The earthquake we experienced in the Santiago Airport is but a distant memory…

The 17 hour crossing on our liveaboard dive boat from the main island to get here is not even in my mind...

I’m sitting just 14m underwater on a shelf on the southern side of Wolf Island in the Galapagos looking at something I’ve waited my whole life to see... schooling Hammerheads... not just a few... hundreds!

Apart from the hundreds of Hammerhead’s parading in front of us, there are curious Galapagos sharks (looking more intimidating than the hammerheads), schools of the biggest eagle rays we’ve ever seen circling so close we could touch them, cruising turtles, and so many fish that they photo bomb the photos we’re trying to take of the sharks. This really is a diver’s dream and enough to make even decades-experienced divers beam with joy and wax lyrical about all they saw once back on board the boat.I eventually stop taking pictures on my new camera system, stop shooting video through the GoPro attached on top, and I just let myself take it all in... I’m underwater in the Galapagos Islands and they’re here! It was the start of an amazing 8 days of diving and land tours that we’d planned for almost two years and saved for just as long.

Galapagos isn’t easy – it’s one of the hardest dive sights to get to, and the conditions are not perfect flat calm diving like your normal tropical destinations. But all that is forgotten when you hit the water – and for a kiwi diver it feels familiar and even looks similar to many Hauraki Gulf Islands both above and below the water (apart from the inhabitants!)

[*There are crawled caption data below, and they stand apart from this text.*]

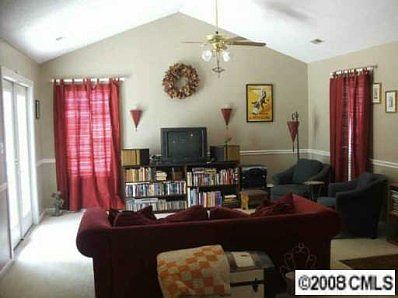 2nd image of 10519 Queensmead Cres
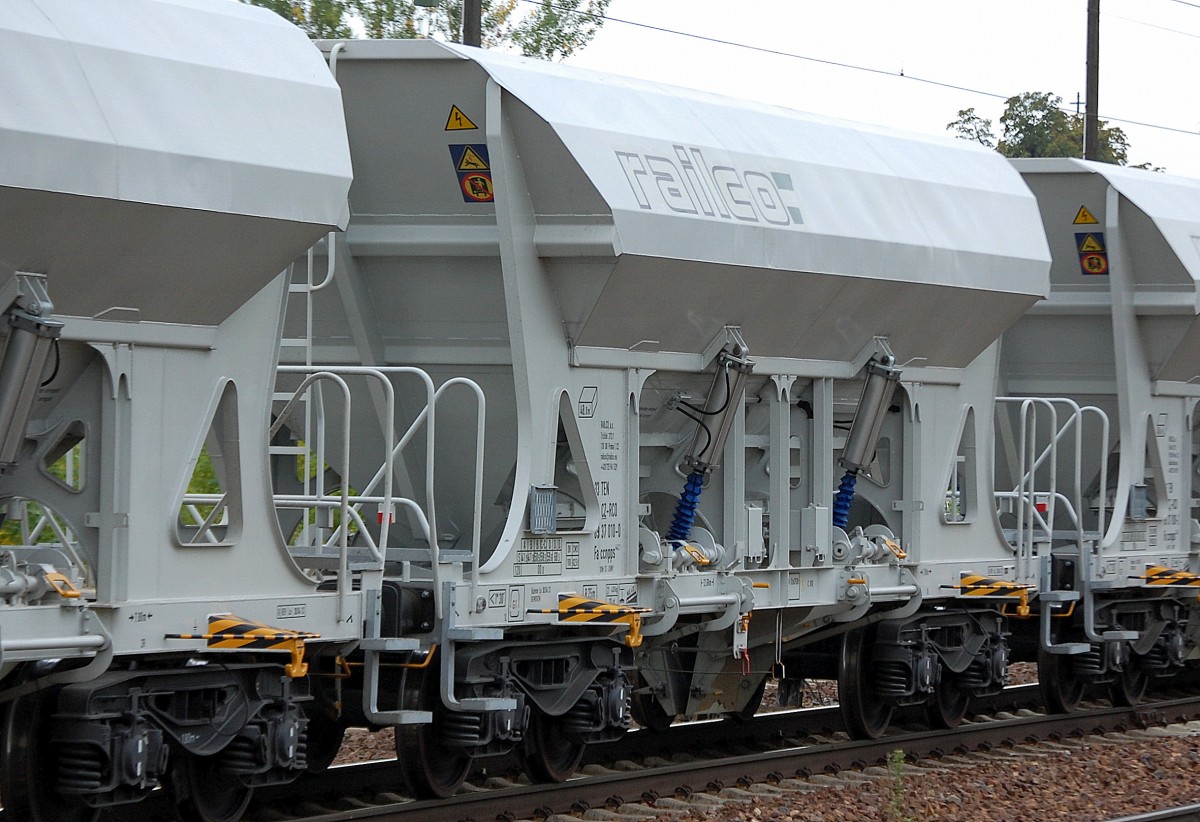 Die tschechische Fa. RAILCO a.s. hat wohl einige ganz neue vierachsige offene Sch�ttgutwagen (Schotterwagen) am ITL vermietet, hier der Wagen 33 TEN 54 CZ-RCO 6 937 010-0 Fa ccnpps442.1, 04.09.13 Bhf. Flughafen Berlin-Sch�nefeld.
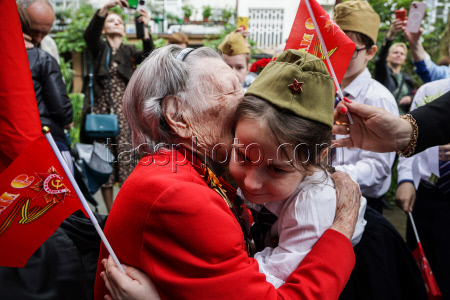 Поздравление ветерана ВОВ в Сочи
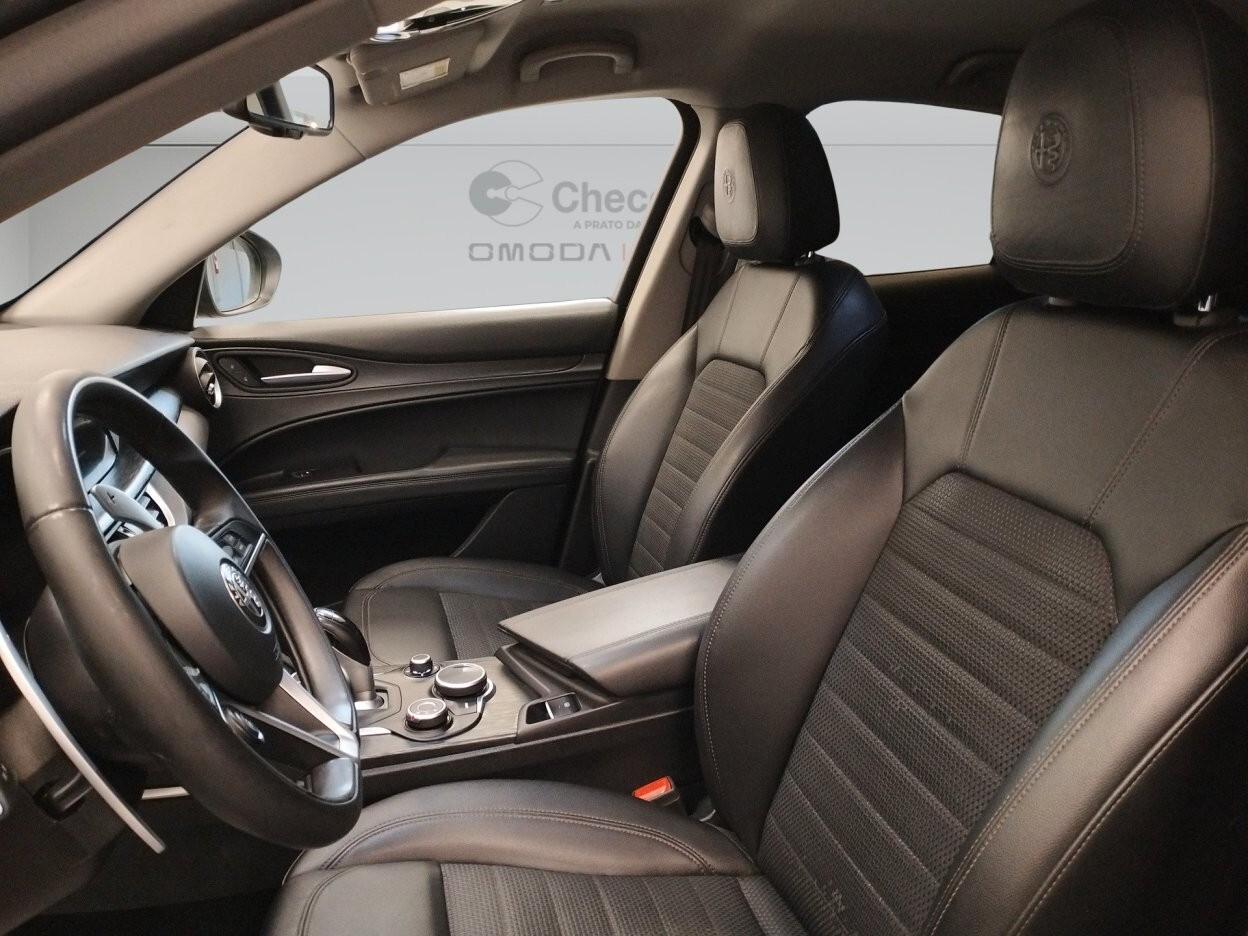 Alfa Romeo Stelvio 2.2 Turbodiesel 180 CV AT8 RWD Super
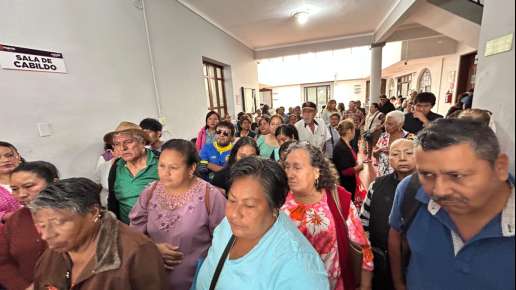 Vecinos de la Colonia “Héroes Antorchistas” de Fortín piden solución del proyecto de agua potable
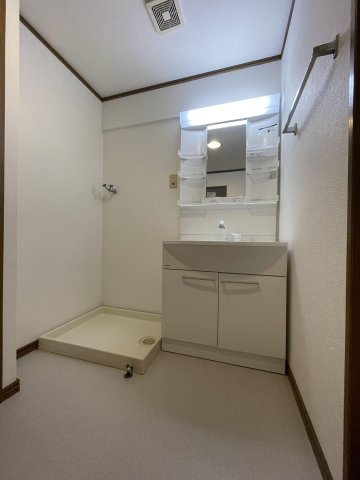グレイス若久中央の洗面所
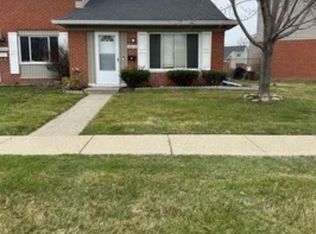 29020 Ann Arbor Trl, Westland, MI 48185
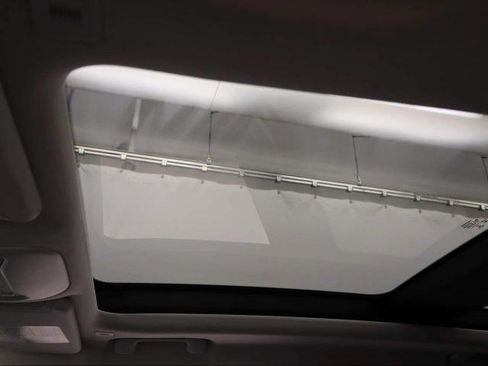 Used 2020 Jeep Renegade Altitude w/ UConnect 8.4 Nav Group image 20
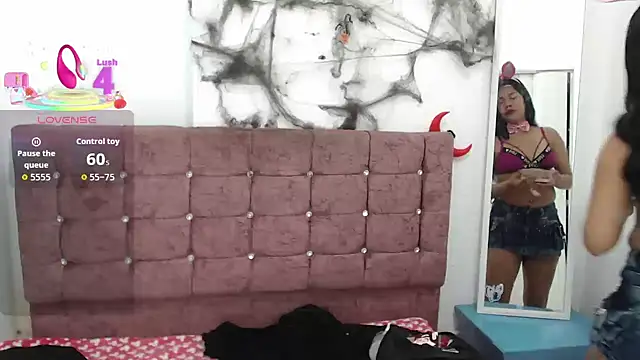 Snapshot of lily_jamesx chatting on October 26, 1:28 pm lily jamesx online show from October 26, 1:28 pm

Hammerhead_Mayhem_01The reason it’s such good diving is that there are seven different oceanic currents that hit the Galapagos, but the main one is the largest upwelling system in the world, called the “Humboldt” cold water current. This is the most productive on earth with almost 20% of all fish caught on the planet bathed by its flow! This, combined with warm tropical currents, is why there’s so much life here and why we have to be prepared for temperature ranges of 14 – 25 degrees underwater!

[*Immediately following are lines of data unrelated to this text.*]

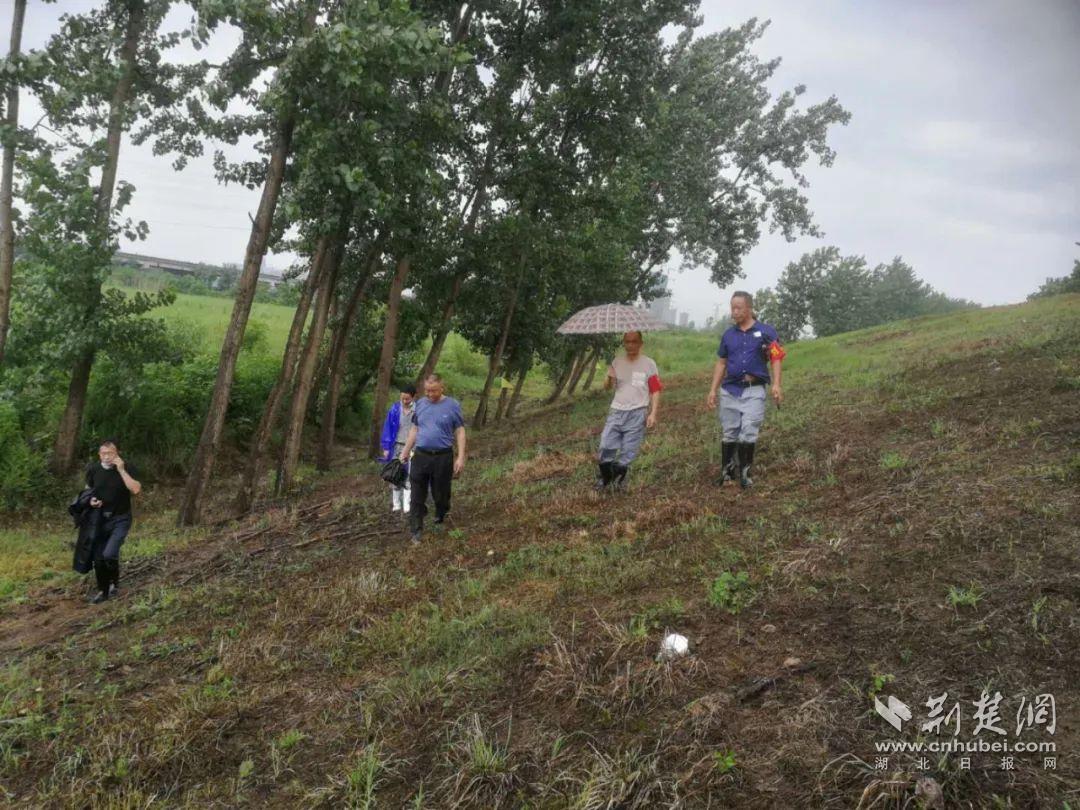 |图集：车都3400多名守堤人 用使命和担当筑牢“红色堤坝”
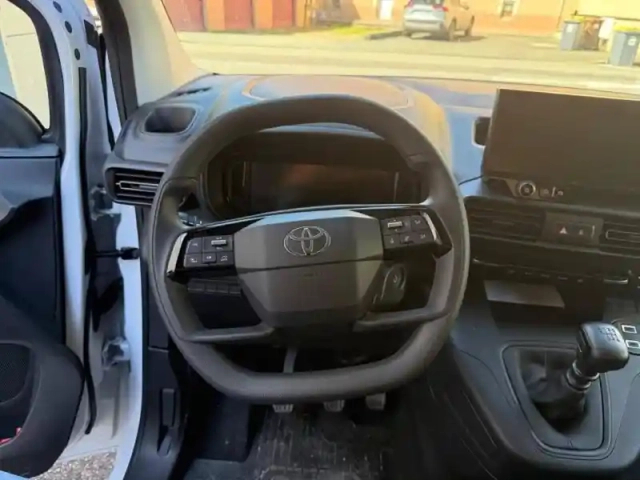 Toyota Proace city long 130 d-4d start mc24 — photo 13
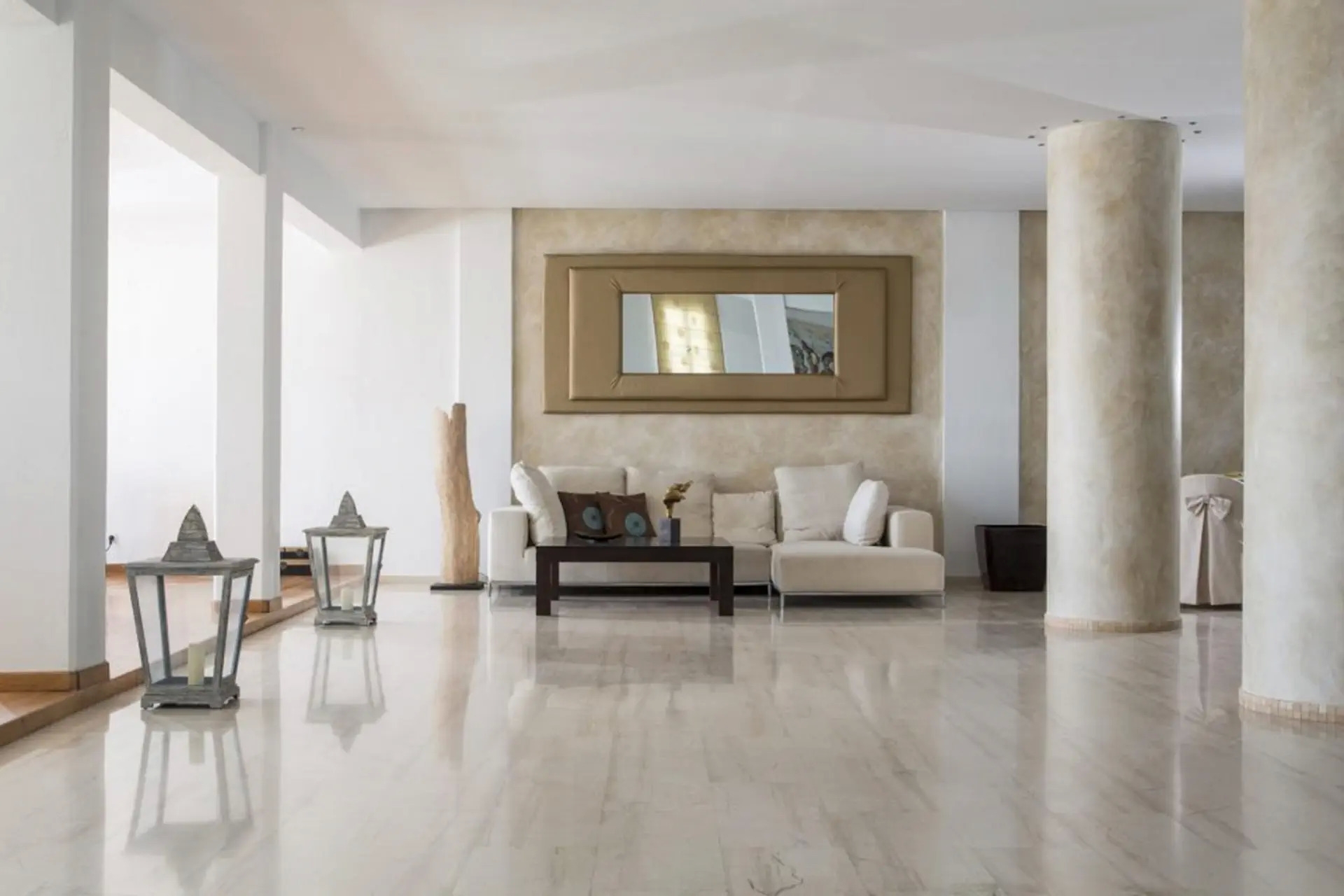 teren hotelu, recepcja / lobby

We visit an island to see Land Iguana’s and are amazed at how close we can get without startling them – great pictures are almost embarrassingly easy! Sea Lions lie ignoring you on the sand while you take pictures of “Blue Footed Boobies”  (yes, that is their real name!) performing mating rituals and making nests and tending to eggs while Frigate birds with huge red waddles try and attract mates in front of beaming people glued to their cameras! We look out to sea and watch acres of dolphin leap and play in the water surrounding the island – this place is just so full of life you don’t know where to look or point the camera!

Then we’re back to the main boat to travel another 6-7 hours north to Darwin Island and more importantly Darwin’s Arch. For me, this is the focus of the trip – it can make or break the whole two weeks if they’re not there!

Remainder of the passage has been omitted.